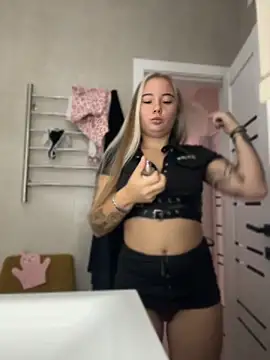 Snapshot of Mrs_Lust chatting on 8, 5, 2026 Mrs Lust online show from 8, 5, 2026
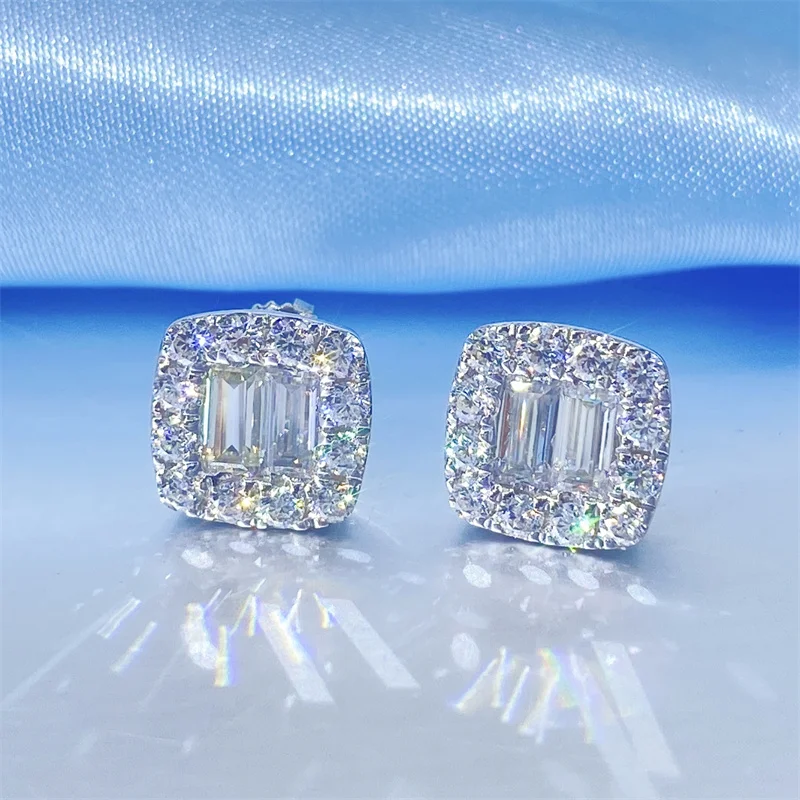 14K White Gold 925 Sterling Silver D Color 0.5 1 CT Vvs Mens Diamond Stud  Earrings for Men Women Earring Jewelry - China Earring and Lab Diamond Drop  Stud Earrings price | Made-in-China.com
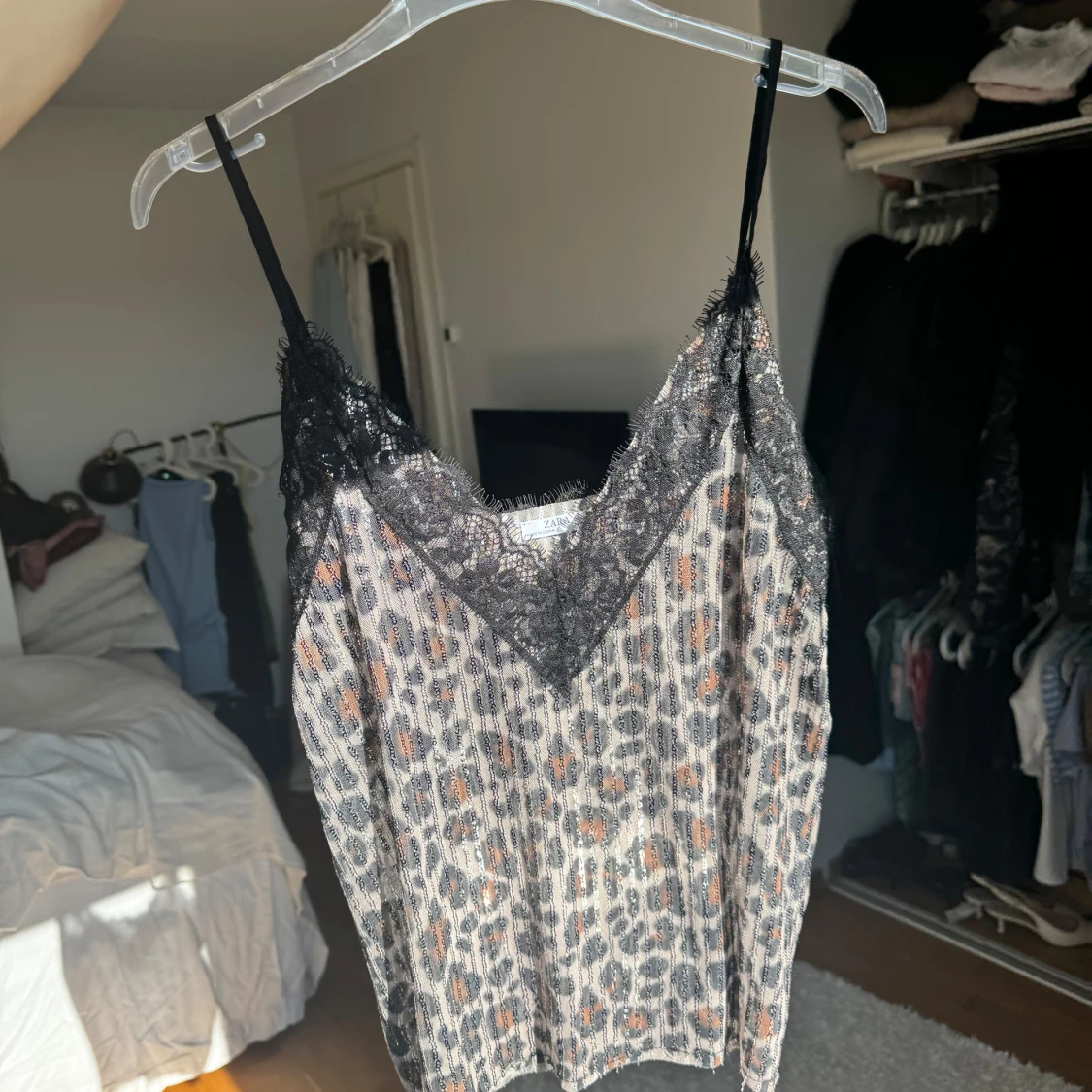 Leopardmönstrad linnetopp med spets från Zara
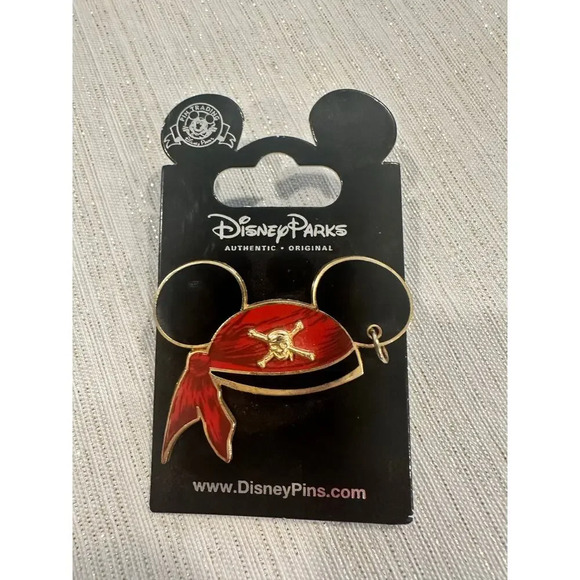 Disney Parks Pirates of the Caribbean Mickey Mouse ears Pin limited edition 2006 - Picture 1 of 3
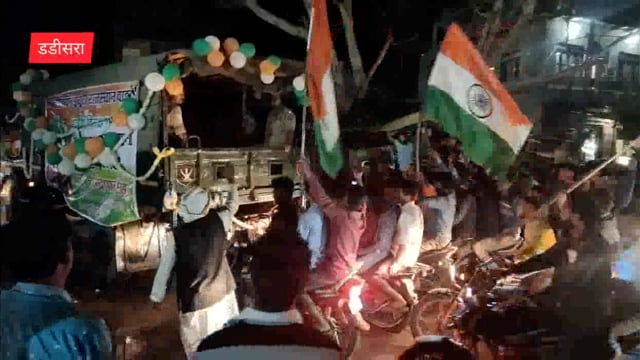 शहीद का पार्थिव शरीर पहुचा पैतृक गांव डडीसरा नम आंखों से श्रद्धांजलि कोको उमड़ा जनसैलाब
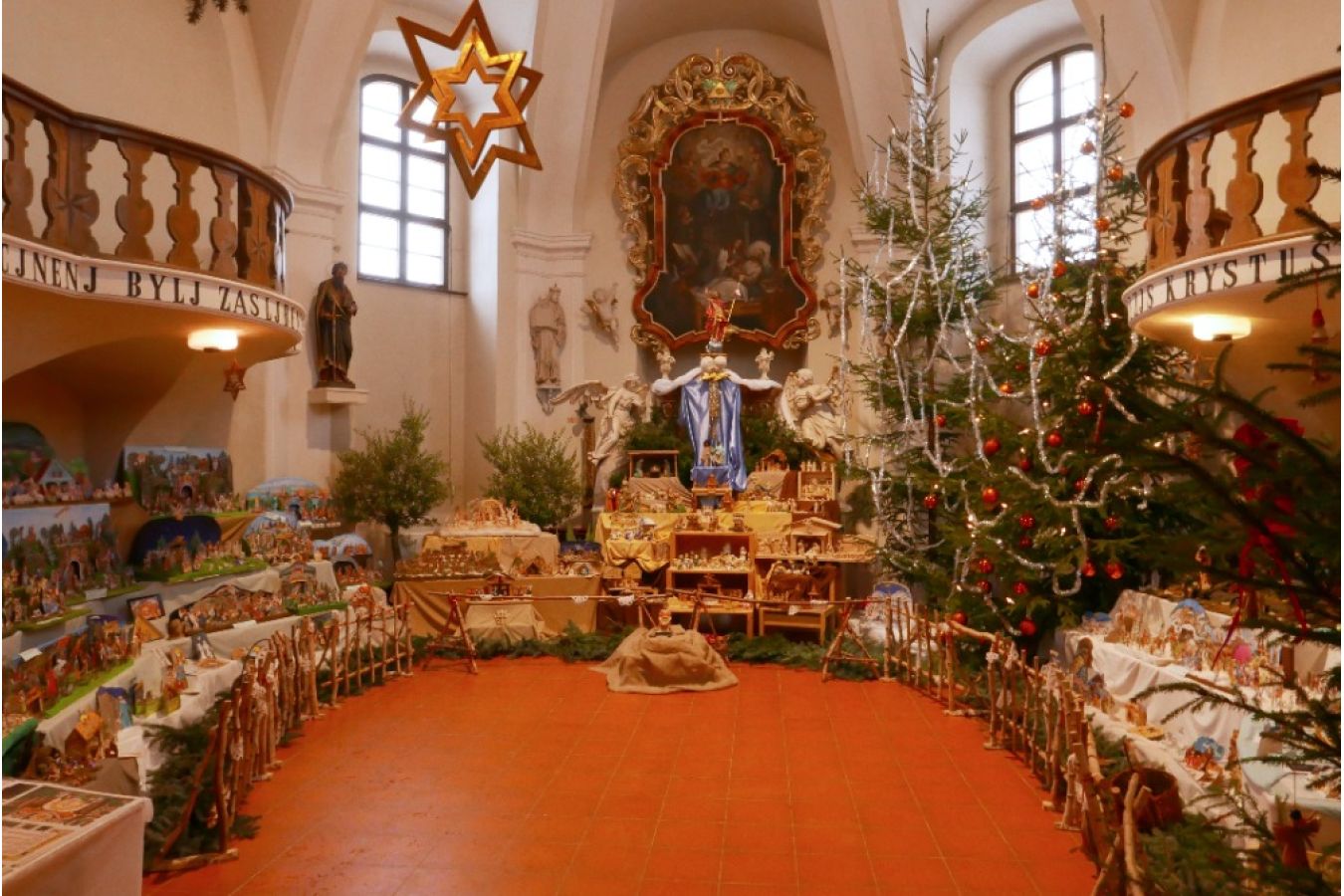 Advent ve Žďáře nad Sázavou láká na nové osvětlení, zimní kluziště i provazochodce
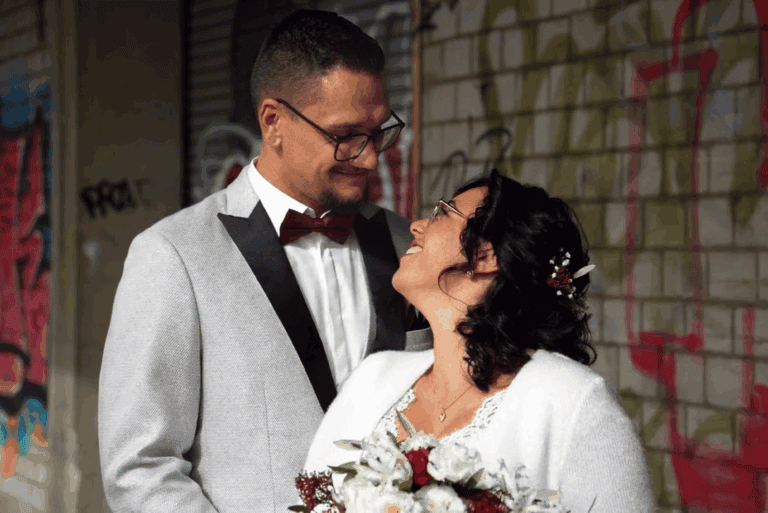 Fabiana und Benjamin schauen sich an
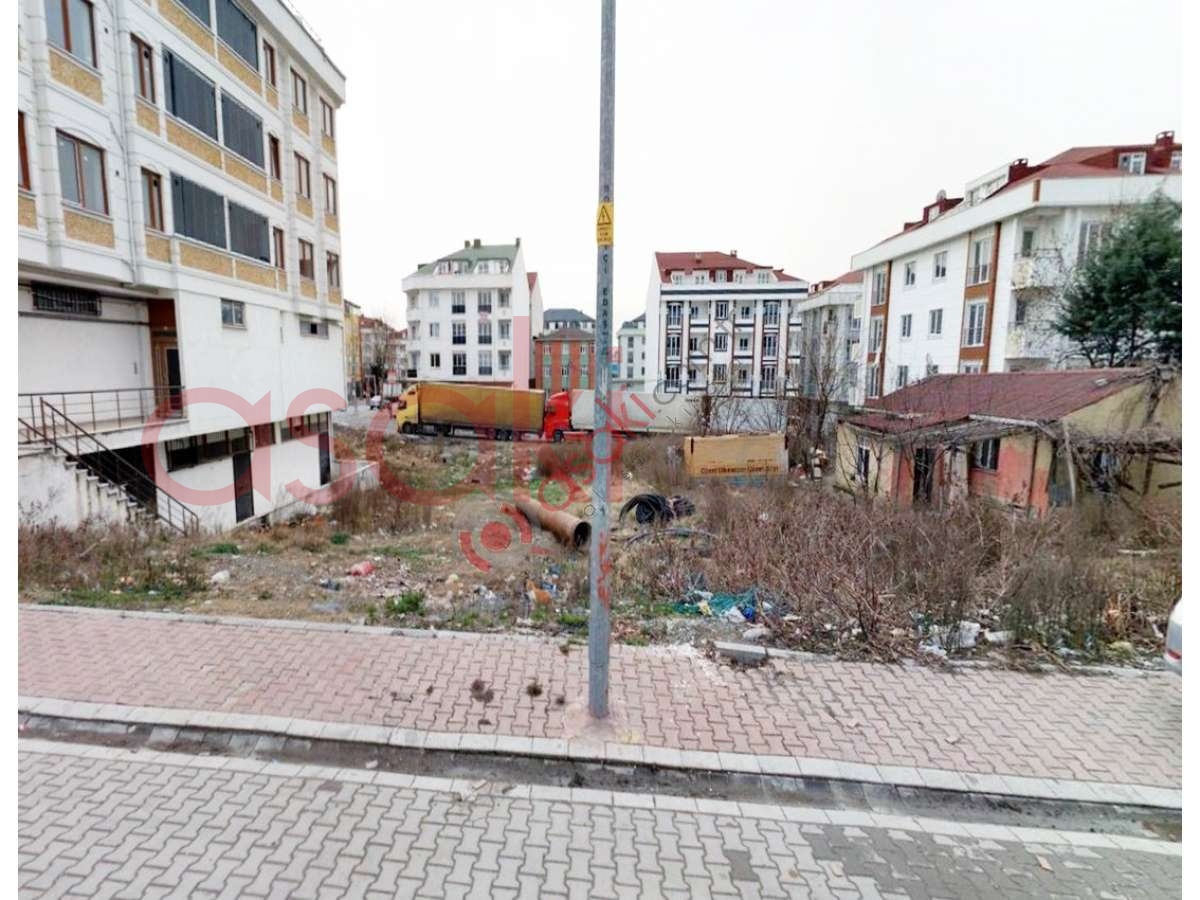 Esenyurt Haramidere De 123&sup2; Satılık Arsa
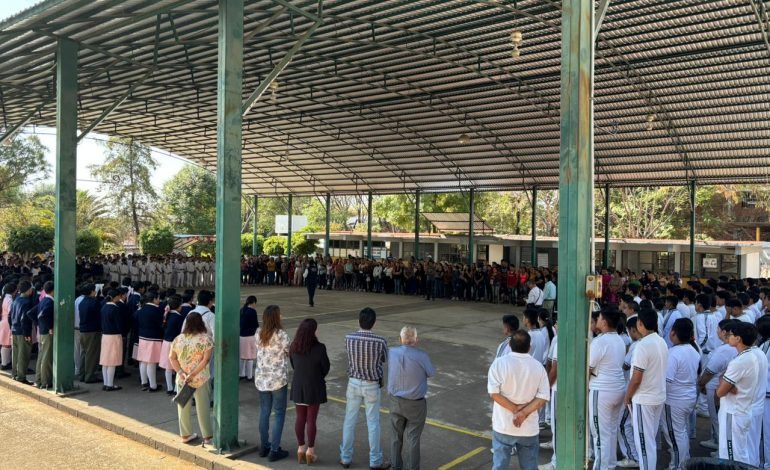 Carlos Torres Piña fortalece acciones de prevención con ponencia sobre uso seguro de redes sociales en Uruapan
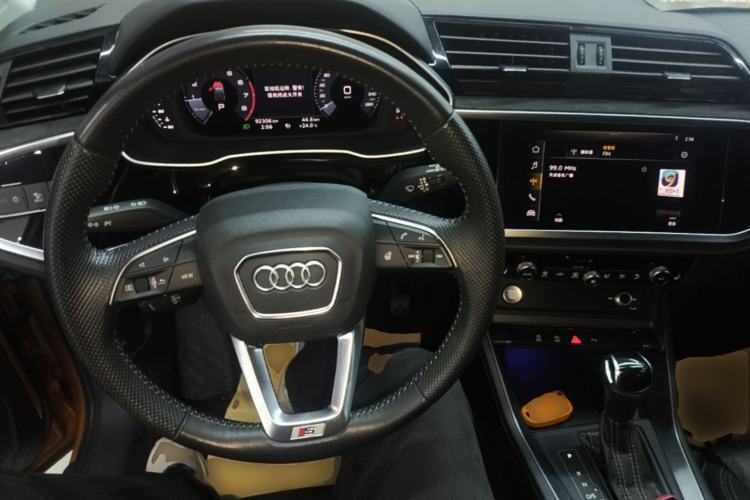 Used Audi Q3 Sportback 2020 40 TFSI Fashion Model Center Console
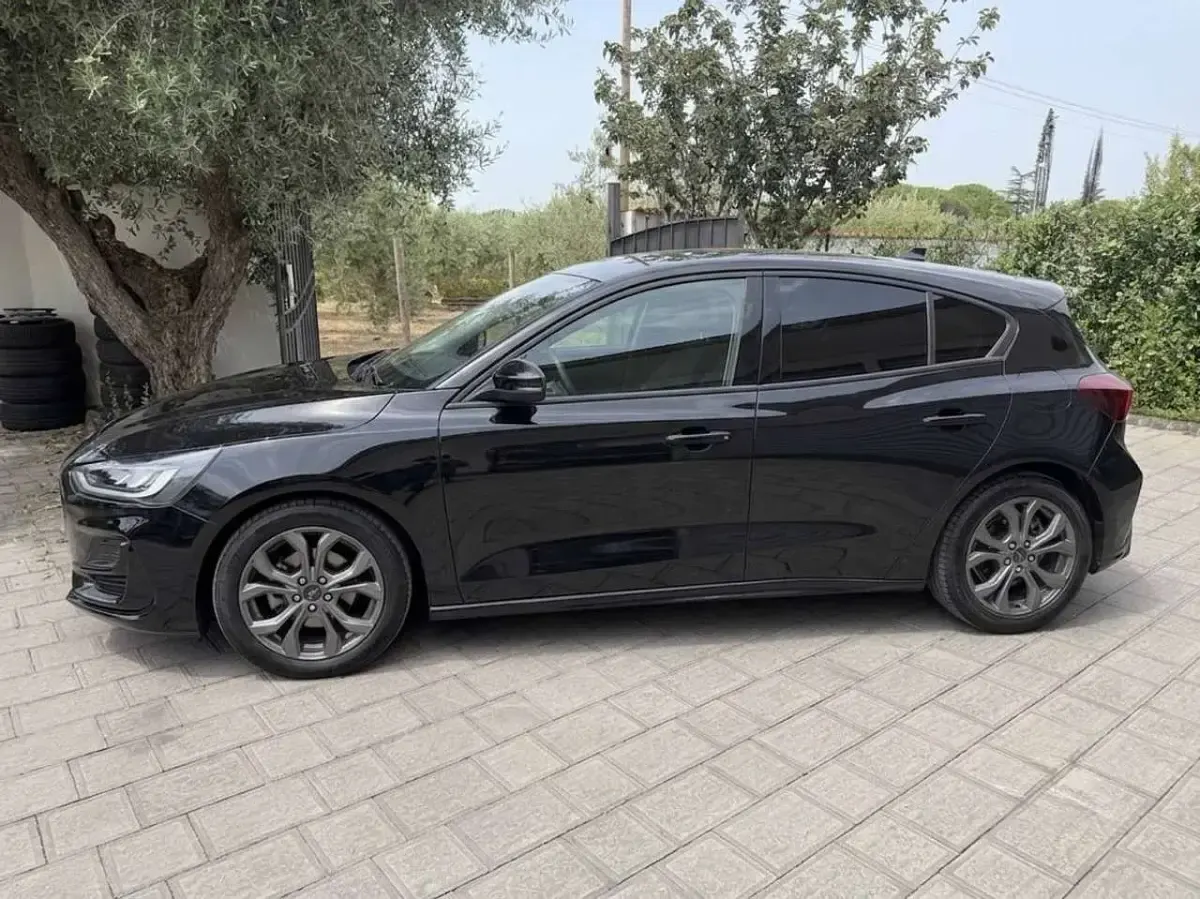 Usata Ford Focus ST-Line 125 CV (91 kW) 2024 Agate black metallizzato Berlina
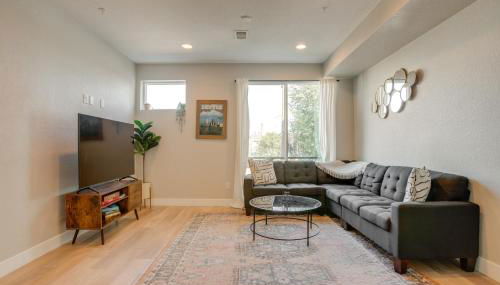 Rooftop Deck and Hot Tub Walkable Denver Townhome - Foto 5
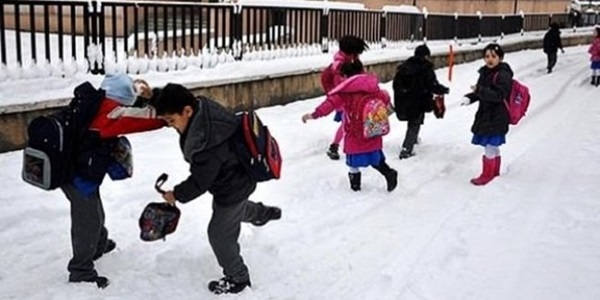 stanbul ve 25 ilde eitime kar tatili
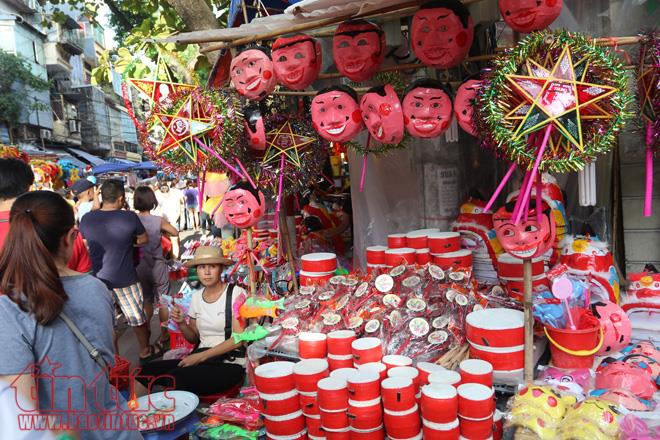 Biển người đón Trung Thu sớm trên phố Hàng Mã ảnh 12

▶ [What the task asks]: Emit the lines of the data above from the one containing "Usata Ford Focus" through its final line, both endpoints included. Pictures do not belong in the output.

▶ [Reply to the task]:
 Usata Ford Focus ST-Line 125 CV (91 kW) 2024 Agate black metallizzato Berlina
 Rooftop Deck and Hot Tub Walkable Denver Townhome - Foto 5
 stanbul ve 25 ilde eitime kar tatili
 Biển người đón Trung Thu sớm trên phố Hàng Mã ảnh 12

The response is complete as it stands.